Namun sulit baginya untuk mengendalikan gerakan lisannya. Sampai-sampai engkau melihat seseorang yang dianggap baik agamanya, zuhud dan banyak ibadah, namun dia berbicara dengan ucapan yang dimurkai Allah tanpa mempedulikan akibatnya.

Dengan satu kalimat saja dia tergelincir ke dalam jurang yang dalamnya lebih jauh dari jarak antara timur dan barat.

Betapa banyak engkau melihat orang yang sangat berhati-hati dari perbuatan keji dan zholim, namun lisannya suka menodai kehormatan orang-orang yang masih hidup maupun yang telah mati tanpa mempedulikan apa yang dia ucapkan..”

(Al-Jawaabul Kaafi – hal. 366)

MUTIARA SALAF : Akibat Dari Tidak Mengenal Jahiliyah

● Umar bin Al Khothob rodhiyallahu ‘anhu berkata,

إنما تنقض عرى الإسلام عروة عروة إذا نشأ فى الإسلام من لم يعرف الجاهلية

“Sesungguhnya tali Islam itu terputus seutas demi seutas apabila tumbuh dalam Islam orang yang tidak mengenal jahiliyah..”

● Ibnul Qoyyim rohimahullah berkata,

“Semua yang menyelisihi ajaran Rosul termasuk jahiliyah.

Maka siapa yang tidak mengenal dengan jelas jalan orang+orang yang tersesat, maka akan menyangka jalan kesesatan itu sebagai jalannya kaum mukminin.

Sebagaimana hal ini terjadi pada ummat Islam dalam banyak perkara, baik dalam masalah aqidah, atau ilmu dan amalan.
Padahal ia adalah jalannya kaum kafir yang memusuhi para Rosul tapi dianggap sebagai jalannya kaum mukminin. Bahkan ia menyeru kepadanya. Juga seperti mereka yang jatuh kepada bid’ah dan menyeru kepadanya..”

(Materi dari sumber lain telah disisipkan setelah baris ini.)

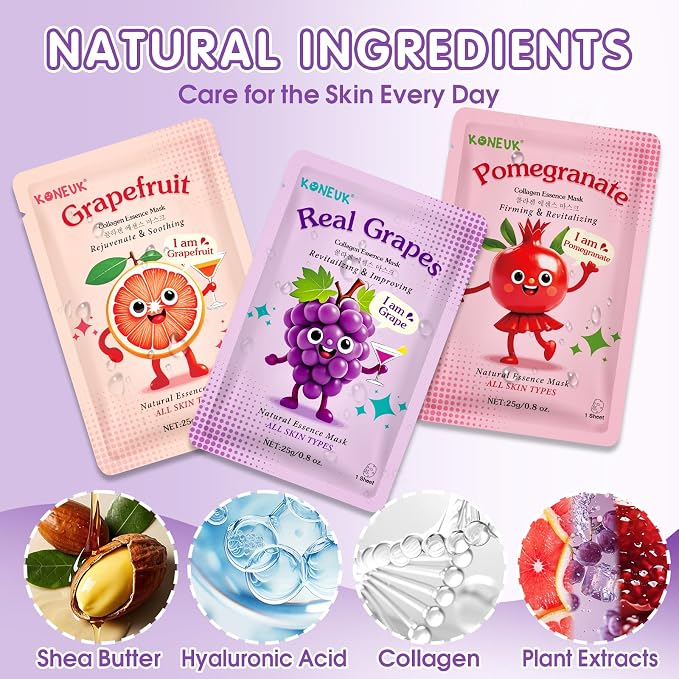 70 Pack Collagen Hydrating Face Masks Skincare - Image 3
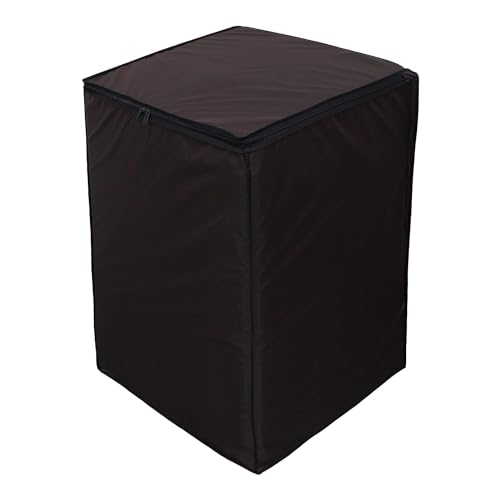 Image of Star Weaves Washing Machine Cover Top Load 6 kg, 6.5 kg, 7kg & 7.5 kg - Waterproof & Dust-Proof Fully Automatic Washing Machine Cover (Coffee), Polyester - FABIMCF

(Masail Fil I’tiqod hal 22)

Diterjemahkan oleh,
Ustadz Abu Yahya Badrusalam Lc, حفظه الله تعالى

MUTIARA SALAF : Hakekat Umur Dan Kehidupan Seseorang

Ibnul Qoyyim rohimahullah berkata,

“Waktu seseorang itulah hakekat umurnya, dialah penentu kehidupan abadinya (di kemudian hari), apakah dalam kenikmatan abadi ataukah dalam kehidupan sengsara dalam adzab abadi yang pedih.

Waktu berlalu lebih cepat dari aliran awan. Maka siapa saja yang waktunya dihabiskan untuk Allah dan karena Allah, maka waktu itulah hakekat umur dan kehidupannya. Adapun selain itu (jika waktunya tidak dihabiskan untuk dan karena Allah) maka waktu tersebut pada hakekatnya bukanlah termasuk kehidupannya, akan tetapi kehidupannya laksana ibarat kehidupan hewan.

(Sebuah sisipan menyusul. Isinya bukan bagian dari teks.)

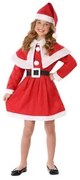 Costume per Bambini Mamma Natale Rosso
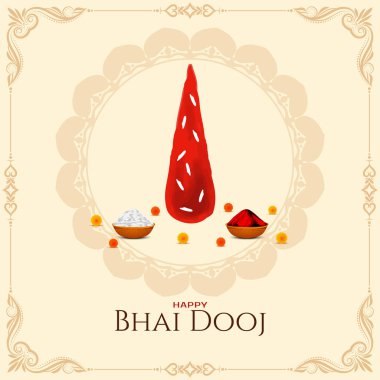 Güzel Mutlu Bhai Dooj kültürel Hint festivali arka plan vektörü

Jika ia menghabiskan waktunya dalam kelalaian dan syahwat, serta angan-angan yang batil, dan waktu yang terbaiknya adalah yang ia gunakan untuk tidur dan menganggur maka matinya orang yang seperti ini lebih baik dari pada hidupnya..”

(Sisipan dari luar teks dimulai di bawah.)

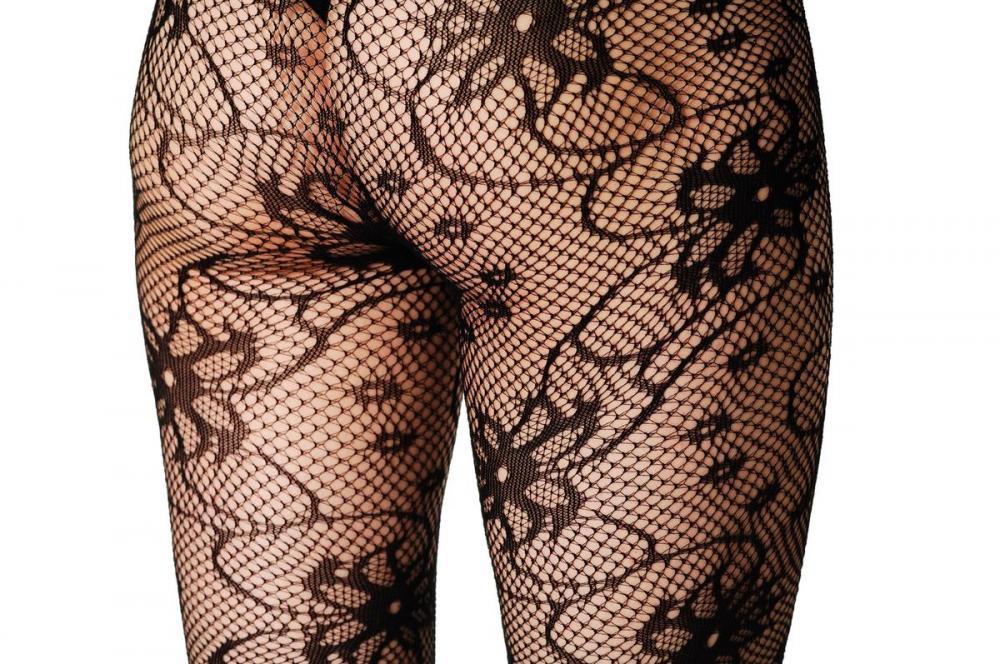 Liss Kiss Flowers With Black Pearls - Tights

(Al-Jawaab Al-Kaafi hal 109)

MUTIARA SALAF : Tidak Ada Amalan Khusus Bulan Rojab

Al Hafizh Ibnu Hajar Al ‘Asqolani Asy Syafi’i rohimahullah adalah seorang ulama besar dari madzhab Syafi’i

Perlu diperhatikan bahwa mengkhususkan puasa dan amalan tertentu pada bulan Rojab tanpa bulan lainnya adalah perlu ditinjau kembali karena para ulama seperti Al Hafizh Ibnu Rojab, Al Hafizh Ibnu Hajar dan juga Al Imam Ibnul Qoyyim -rohimahumullah- menjelaskan bahwa  HADITS-HADIST TENTANG AMALAN TERTENTU PADA BULAN ROJAB SECARA KHUSUS ADALAH LEMAH DAN PALSU.

● Al Hafizh Ibnu Hajar rohimahullah berkata,

“Tidak ada satu hadits shohih pun yang dapat dijadikan hujjah tentang keutamaan bulan Rojab.. tidak puasanya, tidak pula puasa khusus di hari tertentu dan tidak pula sholat malam di malam yang khusus..”

(Tabyinul ‘Ajab – hal. 11)

● Al Hafizh Ibnu Rojab rohimahullah berkata,

“Tentang puasa, tidak ada satu pun hadits shohih dari Nabi shollallahu ‘alaihi wasallam atau sahabatnya tentang keutamaan puasa Rojab secara khusus.

Adapun tentang sholat, tidak ada hadits yang shohih tentang sholat tertentu yang dilakukan pada bulan Rojab. Hadits-hadits yang diriwayatkan tentang keutamaan shalat roghoib pada malam Jum’at pertama bulan Rojab adalah bohong, batil dan tidak sah..”

(Lathoif al-Maarif – 140)

● Ibnul Qoyyim rohimahullah juga berkata,

“Dan semua hadits yang berbicara
tentang puasa Rojab dan sholat
pada sebagian malamnya adalah
dusta yang diada-adakan..”

(Al-Manaarul Muniif, 96)

namun amalan seperti puasa senin-kamis, puasa ayyaamul biidh, puasa daud yang biasa dilakukan di bulan-bulan lain, begitu juga dengan sholat tahajjud, witir, sedekah dan amalan sholeh lainnya, maka tetaplah dijalankan, bahkan nilai pahalanya dilipat-gandakan karena dilakukan di salah satu bulan harom.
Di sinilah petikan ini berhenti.